KIŞKIRTMA…
--------------
Bu sözcüğün temize
çıkması, kendini savunması çok zor gibi görünüyor. Her daim, kötülüğe yazgılı
gibi…
Sözcüğe can ve akıl verilse,
kendini “hadi savun” denilse; kimleri seçerdi? Elbette, yazarları, şairleri,
filozofları seçerdi. Ancak, onlar kurtarırdı onu düştüğü bu büyük kâbustan…
Oysa edebiyatın kadim
elleri dokunmaya görsün; nasıl da sımsıcak sarar insanı; kışkırtmanın dişil
çağrısı. Yine eyleme dönüktür; kötücül olmayana… Tuzak kurmayana… Ahenk,
tonlama bütünlüğü içinde, şiire, anlatıma; köyden kente, kentten ovalara,
dağlara, bayırlara heveslendirmeye yöneliktir.
Edebi dünyanın iz
bırakanları düşündüğünüzde, en kötücül sahneleri yaşayan Veysel’i düşünün!

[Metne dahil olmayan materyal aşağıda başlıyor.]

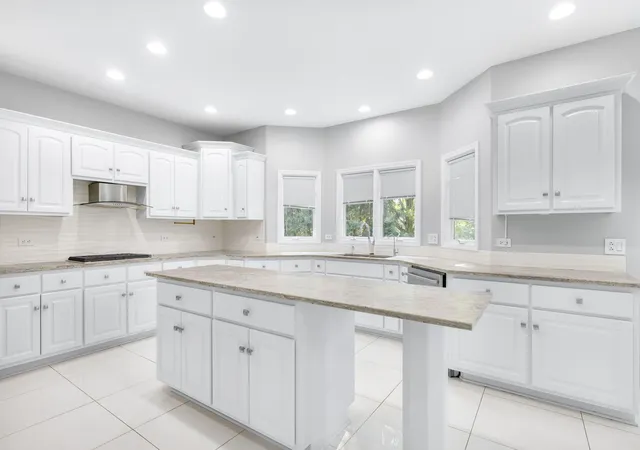 Photo 4 of Single family home for sale at 2711 Deering Bay Dr, Naperville, IL 60564 | MLS# 12718912 | Listing updated on 2026-09-06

Onun kışkırtılması, terk edilmişliğe duyulan öfke değil; bilakis; Uzun İnce Bir
Yolun sonsuza açılan kapılarına dönüktür. Kör oluşu, kara bir baht değil; Kara
Toprağın hayat sunuşuna, büyük bir anlayış gösteriştir.
Ya Borges? Körlüğü
kalkan olarak kullanmış, kışkırtmanın içe dönük hastalığı değil, ailesinden-genlerinin
ona taşıdığı bu geçişi, kaderin kaçınılmazlığı, yazgının bir lütufu gibi kabul
etmiş…
Okuyamamanın, görememenin
belli bir yararı olduğunu, okumayınca zamanın başka biçimde akışına tanıklık
ettiğini anlatmaya çalışmıştır
Onu anlatanlar;
körlüğün onu, bitişe, sona hazırlayan bir kışkırtma değil, tam aksine koruyucu
bir kalkan, şaşırtıcı belleğinin daha bir ortaya çıkışı olduğunu izah ederler.
Cemil Meriç’in
körlüğü de böyledir; körlük, pes etmeye yazgılı bir kışkırtma değil, dinlemeye,
anlatmaya ve dersler vermeye geçiş; yaşamın ikinci bölümü veya yepyeni bir
anlamı gibi, edebi dünyamızın içinde yer almasına hak kazanmıştır.